As the mining sector enters a phase of renewed opportunity, it is more urgent than ever for miners and explorers to assure investors and stakeholders that their Mineral Resource and Ore Reserve estimates can be trusted. Addressing delegates at a seminar at SRK’s Johannesburg office in February, Mark Noppe, corporate consultant and SRK Australia Chairman in SRK Consulting’s Brisbane office in Australia, advised that there are still surprisingly large gaps in the assurance systems that companies use to protect against inaccuracy of reporting exploration results, Mineral Resources and Ore Reserves.
“Compared to assurance frameworks for financial, legal and environmental governance, there is still too little attention paid to systems related to Mineral Resources and Ore Reserves,” said Noppe. “This should not be the case, as resources and reserves represent the key assets of a mining company; senior management, boards and external stakeholders need firm assurance on the accuracy of estimated and reported technical information.”
He noted that despite the guidance available in the industry – and even with many companies requiring peer reviews or audits of the generation and reporting of this data – these processes were often still carried out infrequently or ineffectively.
“At this stage in the commodity cycle, when companies are still running lean or relying on teams with limited technical and management oversight experience, the risk of errors is particularly high,” he said. “There is often also a lack of mentoring in today’s working environment, and not enough time allowed for technical oversight and good peer reviews.”
Noppe highlighted the fact that only about 2% of financial investment globally finds its way into the mining sector – a warning sign to the industry that it needed to preserve and improve its risk perception in the eyes of investors.

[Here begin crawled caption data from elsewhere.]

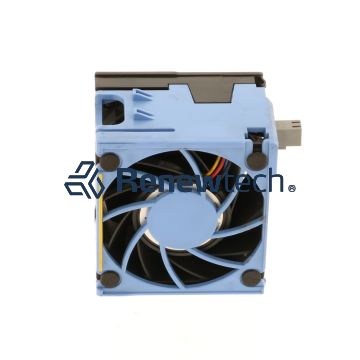 SKYDIVE FAN ASSEMBLY DD2200 DD2500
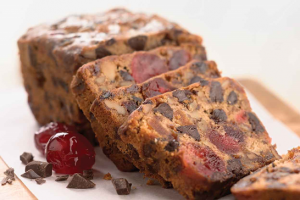 fruit cake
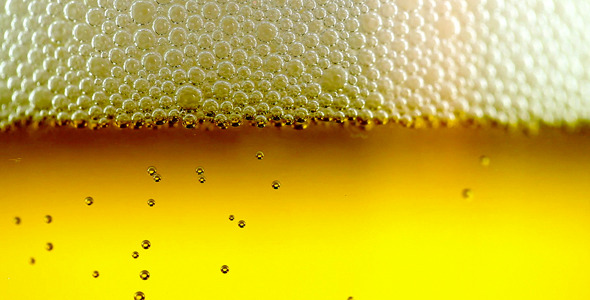 Beer Bubbles alt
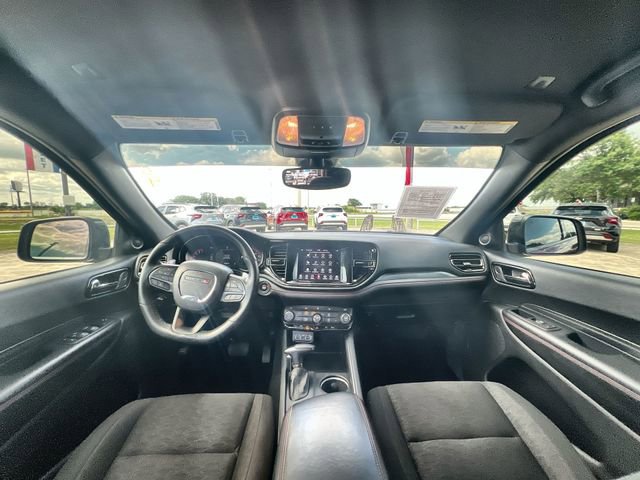 Used 2024 Dodge Durango GT RWD image 19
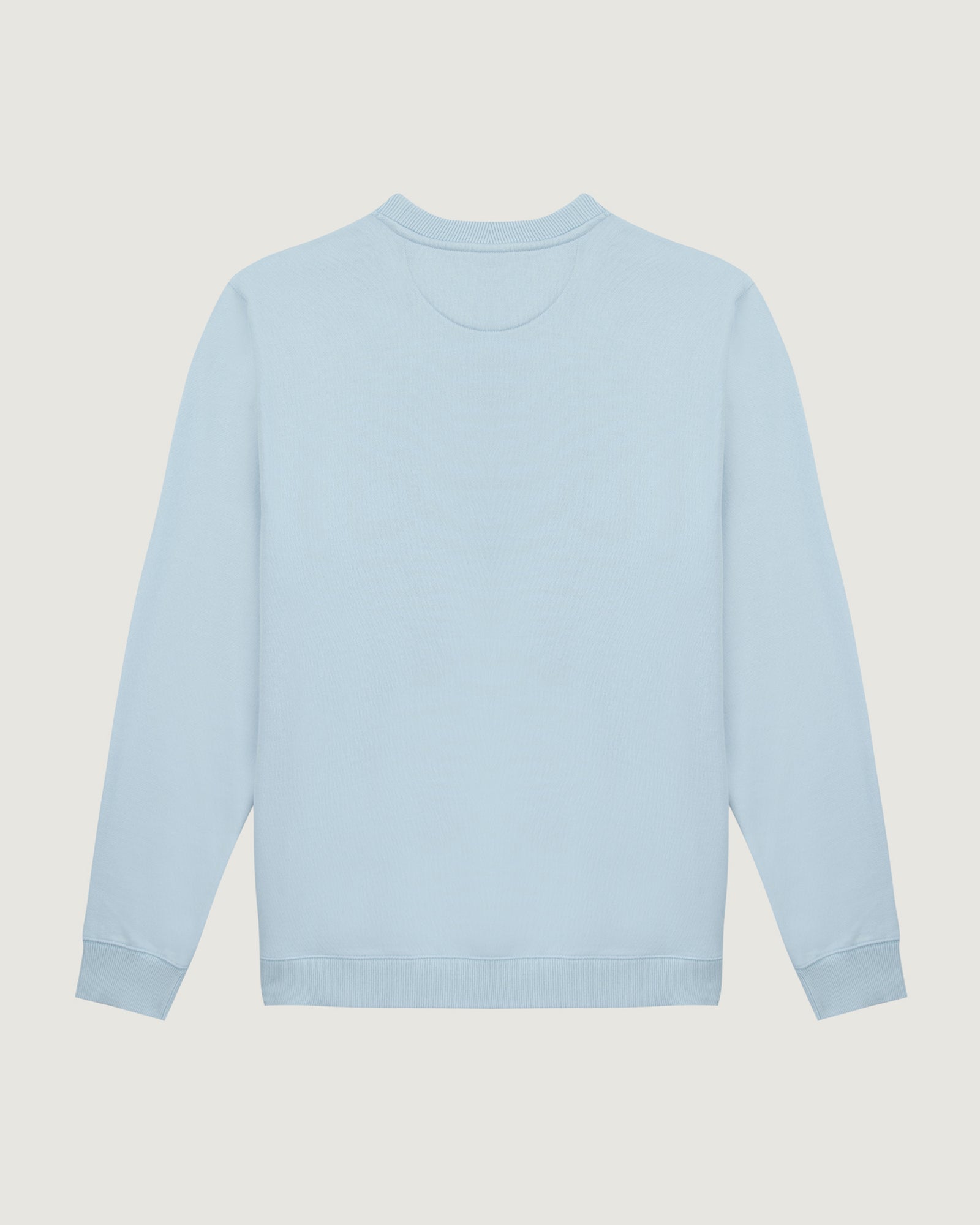 Charonne Sweatshirt Sky Blue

In addition, mining regulators were increasingly interested in how mining and exploration companies managed this risk through internal regulatory systems.
“Better assurance processes are vital for the sector to address the crisis of confidence that exists in certain quarters,” he said. “It goes beyond only verifying the technical data; rather, it extends to having enough of the right expertise, and putting in place appropriate structures and processes.”
To be effective, the assurance of reliable Mineral Resource and Ore Reserve reporting must be included in a company’s risk management and control framework, he argued.
“The assurance process really requires three layers of defence,” said Noppe. “Firstly, there should be a layer of self-validation and peer review when the work is performed; secondly, a layer of internal peer review and oversight is required; and thirdly, a level of independent review or audit is needed – one that is administered and monitored by appropriately mandated levels of management or board oversight.”
He described peer reviews as ideally carried out at the same time that the data is prepared, where estimation procedures are selected and estimates are validated – before the sharing of results between disciplines or the final reporting of results.
“Audits, on the other hand, are generally retrospective reviews by independent or external reviewers,” he said. “They rate the risks inherent to an already completed process, identifying opportunities for improvements in the future.”
He emphasised that companies need at least a system of internal peer review to verify or validate the results generated prior to reporting.
“Assurance tries to build a chain of information and decisions, but our total confidence in Mineral Resource and Ore Reserve estimations is only as strong as the weakest link in the chain,” said Noppe. “Lack of internal control is indeed a weak link that needs to be strengthened urgently – not only to reduce risk in an individual company’s reporting but to improve the credibility of the sector as a whole.”